One of the show's producers has been chastised for prompting a contestant to give outspoken soundbites, he said, and will be talked to after the season. The producer, as well as producers on all CBS shows, received unconscious-bias training.
That's a charge that has followed reality shows – the tendency to have contestants fit racial stereotypes. In his 2012 book Race-Baiter, Eric Deggans (a veteran TV critic on NPR and in newspapers) had a chapter on reality shows, with Big Brother and Survivor contestants discussing being stereotyped. Thom Sherman, Sr. Executive VP of Programming (left), partly defended the Big Brother record: "Half of our (current) cast is diverse, and the last three winners have been diverse." But he and Kahl granted there's work to be done.
CBS has been trying for a new image after long-time leader Les Moonves was fired for sexual abuse. Complicating things, actress Eliza Dushku (top) made allegations of sexual harassment by Michael Weatherly (top) on the set of Bull; producer Glenn Gordon Caron then fired her from what could have been a long-running show. Eventually, the New York Times reported, she received a $9.5 million settlement.
Kahl agreed that there was a settlement; he said Weatherly was "remorseful" and that both he and Caron are undergoing leadership training.
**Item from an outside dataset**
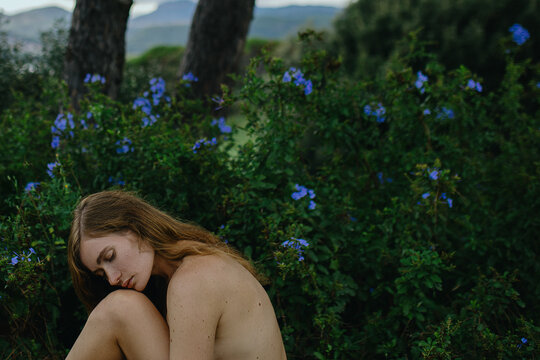 Light Brunette Woman portrait with long wavy hair resting in nature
Other headlines from the session revolved around the names David E. Kelley and Kaley Cuoco (left).
Writer/Producer Kelley, who, since the early 1990s, has been a creator, writer, or producer – sometimes all three – on successful shows from L.A. Law to Big Little Lies, is returning to CBS. He'll write and produce (for the 2020-2021 season) The Lincoln Lawyer, based on a series of Michael Connelly's novels about a lawyer working out of his car.
Kaley Cuoco will come back to CBS as a producer this time. The Big Bang star has a comedy, Pretty, in which a young woman (Santina Muha) moves to Los Angeles, hoping to find love and be the new Oprah.